## Data

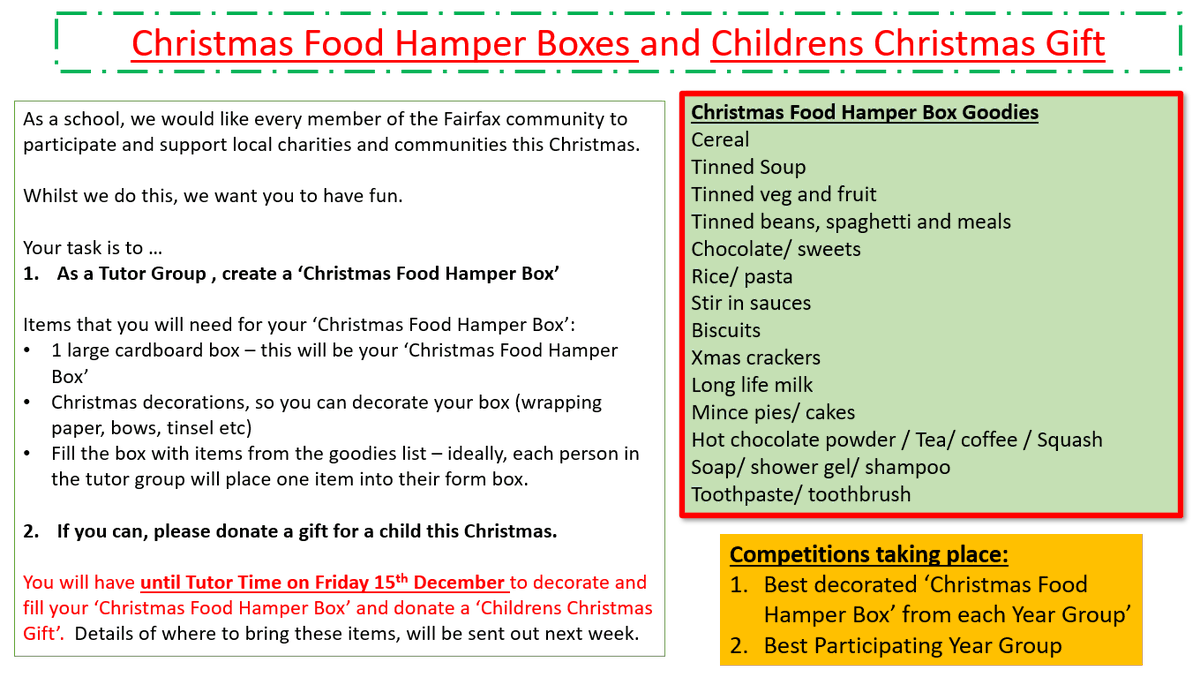 Tis the season of giving and spreading joy, <a href="/FairfaxSchool/">Fairfax School</a> would like to support local charities in our communities this Christmas. If you would like to donate items for the Christmas food hamper box, please see the details below 👇
<a href="/FFaxPrincipal/">Sean Castle</a> 

#SeasonOfGiving #Christmas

## Task brief
Restate the material above exactly. Exclude all pictures.

## Written response
 Tis the season of giving and spreading joy, <a href="/FairfaxSchool/">Fairfax School</a> would like to support local charities in our communities this Christmas. If you would like to donate items for the Christmas food hamper box, please see the details below 👇
<a href="/FFaxPrincipal/">Sean Castle</a> 

#SeasonOfGiving #Christmas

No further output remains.